Moulton Hall is a grade I listed 17th-century manor house in Moulton near Richmond, North Yorkshire, England.

The hall is built to a rectangular plan in three storeys with cellar and attics of ashlar and rubble with Westmorland slate roofs. The frontage has five bays surmounted by three unusual curved gables and the sides two bays.

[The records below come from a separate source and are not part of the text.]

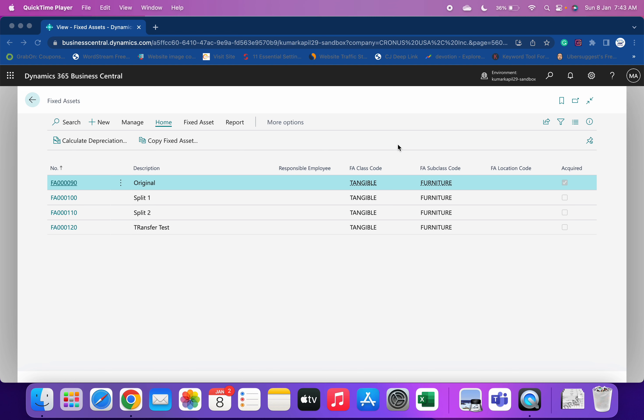Welcome to my channel GoDigit. Today in this video we will learn about fixed asset reclassification. According to this concept, we can transfer our fixed assets from one department to another department, change the class of the fixed asset, or change any particular thing with respect to that fixed asset via the fixed asset reclassification journal.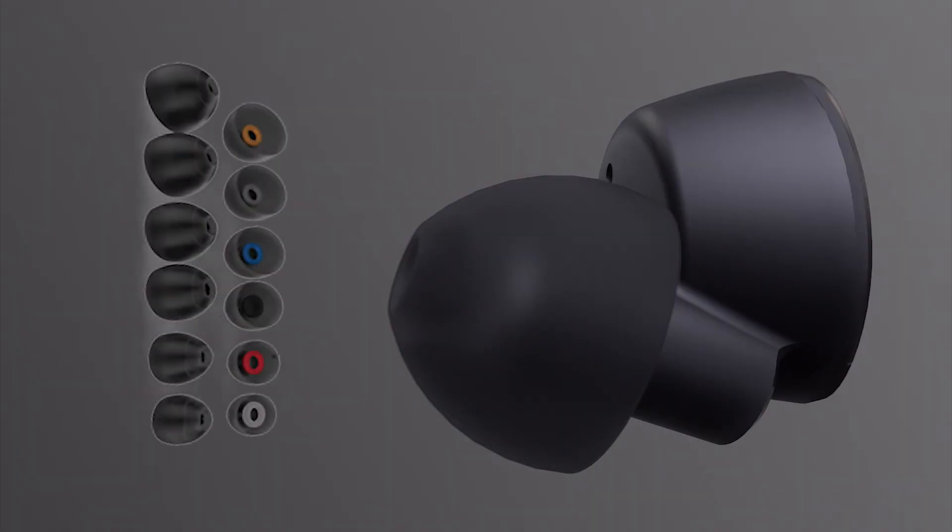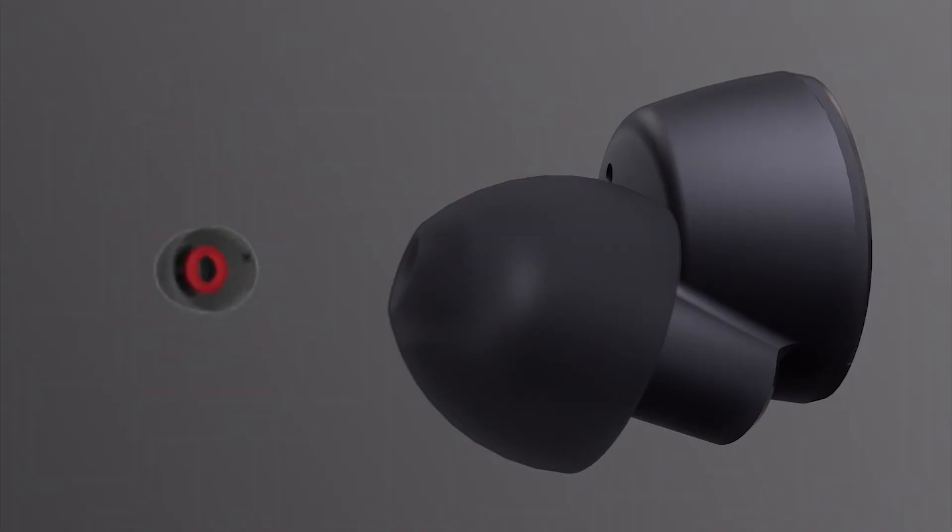If medium ear tips feel too tight, move down a size to red small plus ear tips.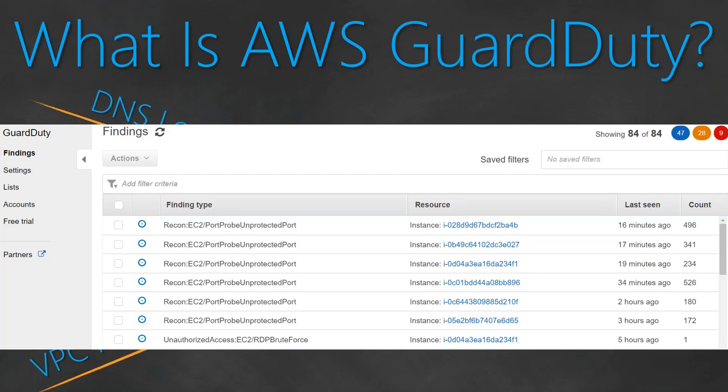Once GuardDuty does all these things, it summarizes everything in a nice dashboard. Here you can see a sample snapshot of recent port probing against a particular instance in one of the accounts that I had. In the next video we are going to see how to enable GuardDuty and look at some of the findings and make some correlations. Thanks for watching, have a nice day.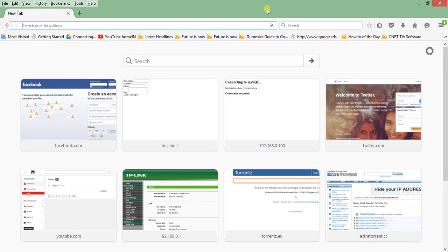Hello everyone, this is Shubhanil and today we are going to see how to execute a Python script using CGI HTTP server. We are using Python version 2.7 and will be running the CGI HTTP server using the CGI HTTP server library, which will create a server on the default port 8000.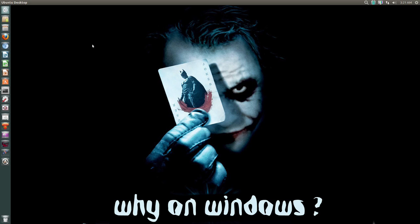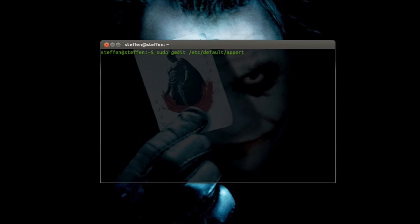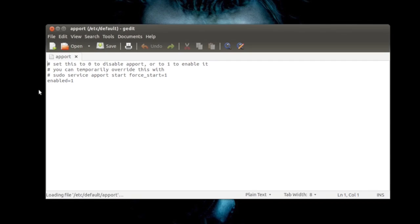So I want to show you how to disable the system crash reports. What you do is open up your terminal and then type in sudo gedit /etc/default/apport. I will have this in my description, so just copy paste from there, then press enter and type in your password. Right here you see it says enabled equals one, so all you have to do is delete this one and type in zero and then hit save.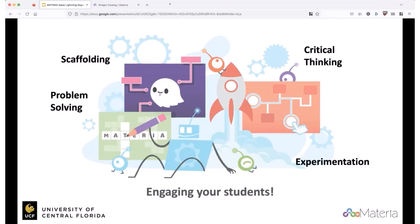We are very proud of the fact that we were able to open source this platform, and now it's being used in K-12, also outside of the U.S.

The house is surrounded by approximately 25 acre of grounds.

==History==
The hall was rebuilt on an ancient site in approximately 1650 for Leonard Smithson, who was succeeded in 1650 by his son Christopher Smithson. The latter's son George Smithson was MP for the North Riding in the First Protectorate Parliament in 1654 and briefly MP for Northallerton in 1659. On his death in 1692 the estate was sold by his widow to Sir Mark Milbanke of Halnaby.

His descendant Sir Ralph Milbanke, 6th Baronet sold it to Colonel Sir James Charles Dalbiac to pay the dowry when Sir Ralph's only daughter Anne Isabella Milbanke disastrously married the poet Lord Byron in 1815. Sir Charles sold it in turn in 1836 to the Sanderson family to provide a dowry for his only daughter, Susanna, who married James Innes-Ker, 6th Duke of Roxburghe that year.

The property was then occupied by members of the Sanderson family for the remainder of the 1800s, including Michael Sanderson, who died in 1850, Matthew Sanderson, who died in 1854, John Sanderson, who died in 1860, Dennison Sanderson (fl. 1863, 1871), Henry Matthew Sanderson (fl. 1890), Henry Middleton Sanderson (fl.1906).

The National Trust acquired the house in 1966 and promotes its "beautiful carved staircase" as its main feature.